Editorial from the December 2013 issue of the Socialist Standard
The word revolution means different things to different people. There’s the Glorious Revolution of 1688, the Industrial Revolution, the French Revolution, the Russian Revolution. It is even used by advertisers to give an impression of something new and different. This is a clue to its use in society, history and politics – to describe the complete replacement of the previously existing system. There is also the implication that this occurs fairly rapidly; otherwise it’s evolution.
Some people, influenced by the perception of the French Revolution cultivated by those who didn’t and don’t like it, associate the word with violence. A social or political revolution can involve violence and many have. A revolution certainly involves force – this has to be the lever bringing about the change – as the beneficiaries of the old system have to be forced to give up their power and privileges, but this can take other forms than outright violence. It can take the form of mass popular pressure or of the use of the ‘legitimate’ force of the state machine.
When Russell Brand called, in his interview with Jeremy Paxman, for a revolution he clearly meant it in the sense of getting completely rid of the present system of elite rule and neglect of people’s needs. Some interpreted him as calling for a repeat of the riots and looting of the summer of 2011 on a wider scale, but he himself later insisted that the revolution he envisaged should be non-violent.

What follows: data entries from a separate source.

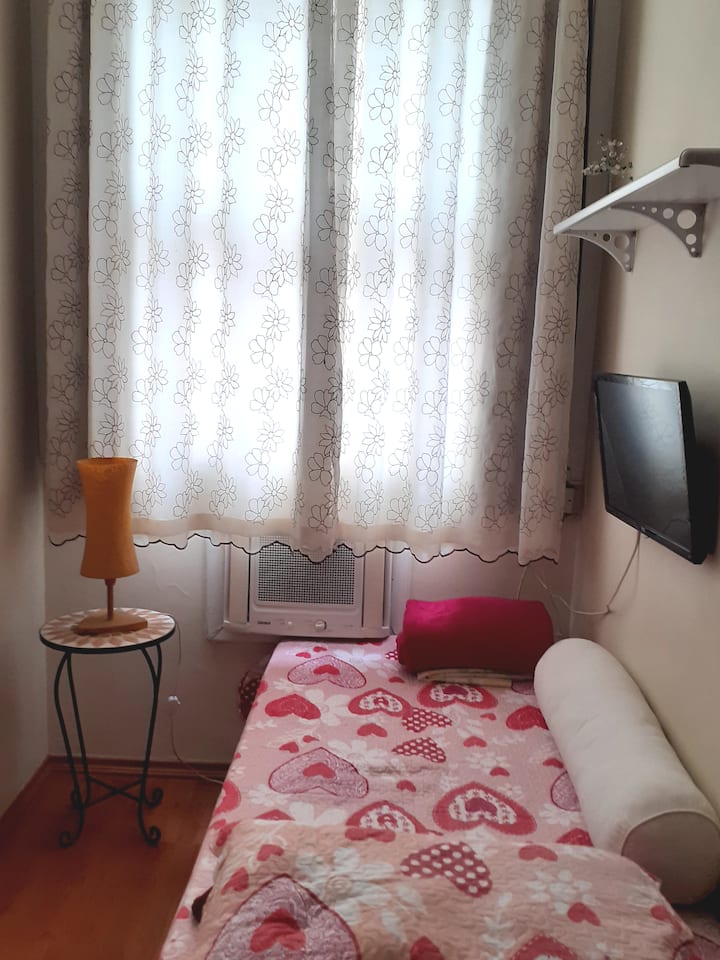 Habitación individual espaciosa."No puedes recibir visitantes* Ventilador de techo y aire acondicionado.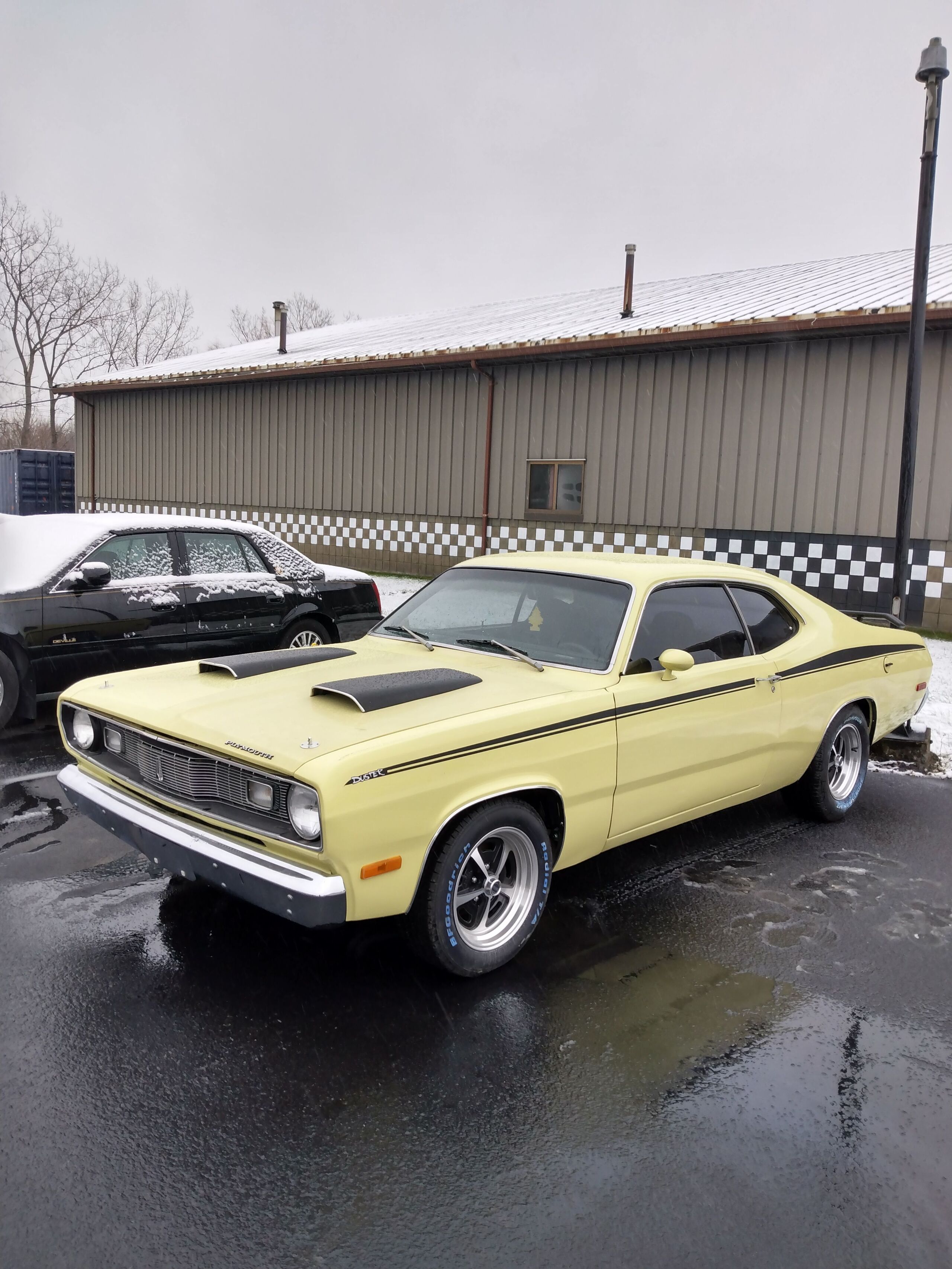 1972 Plymouth Duster 1
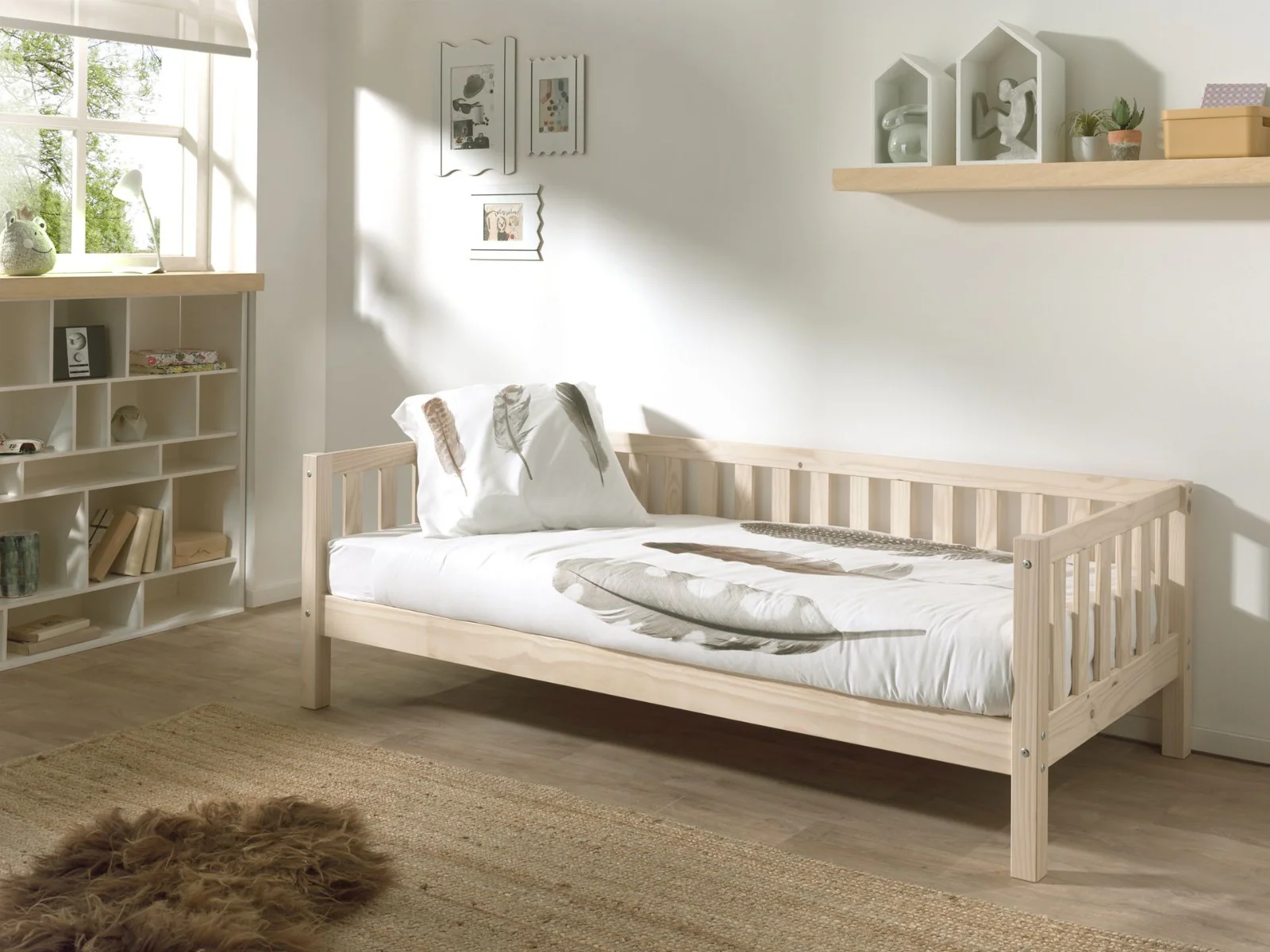 FRITZ Cabin Bed – Solid Pine 90x200 cm with Slatted Design (90)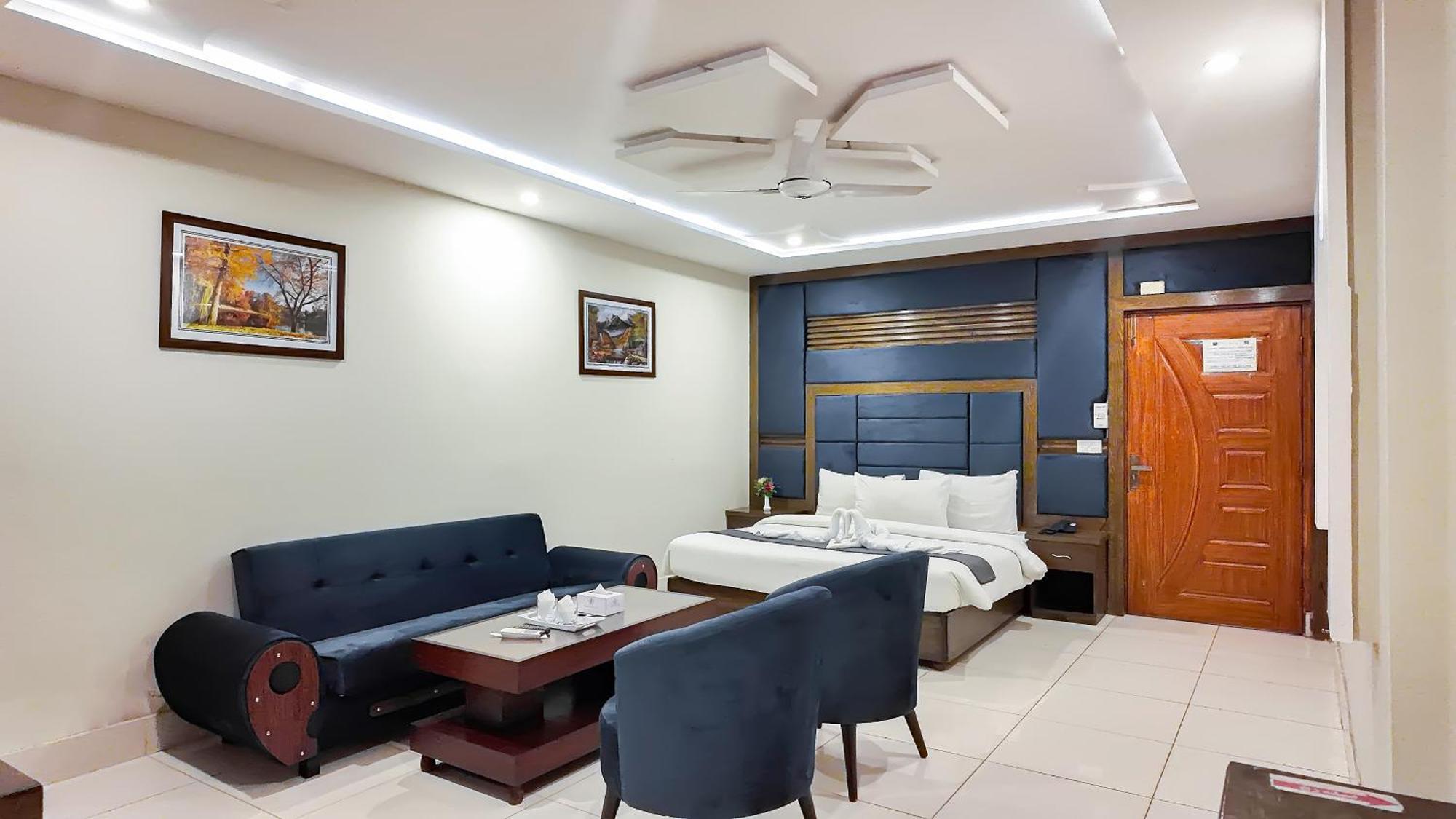 Hotel Crown Inn Мултан Экстерьер фото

The socialist of the Victorian era, William Morris, opens his pamphlet How We Live and How We Might Live with these words:
‘The word Revolution, which we Socialists are so often forced to use, has a terrible sound in most people's ears, even when we have explained to them that it does not necessarily mean a change accompanied by riot and all kinds of violence, and cannot mean a change made mechanically and in the teeth of opinion by a group of men who have somehow managed to seize on the executive power for the moment.’
Socialists, he went on, mean by it ‘a change in the basis of society’.
This is the sense in which we too have always used the word. The revolution we envisage is a change in the basis of society from the present minority class ownership of the means of production to their common ownership and democratic control by all the people in their own interest.
We wholeheartedly endorse Morris’s view that this change cannot be ‘made mechanically and in the teeth of opinion by a group of men who have somehow managed to seize the executive power for the moment’, as some 19th and 20th century self-styled revolutionaries have maintained.
For us, the social revolution from capitalism to socialism has to be carried out democratically, both in the sense of having majority support and in the sense of employing democratic means. This latter means organising without leaders. In the developed capitalist parts of the world this democratic self-organisation can – and we say should – also involve organising to win control of political power via the ballot box and parliament. In other words, forming a political party to challenge those Brand said he has (rightly) never voted for and never would. We shouldn’t let them have a clear run or allow them to claim to be the’ legitimately elected representatives of the people’.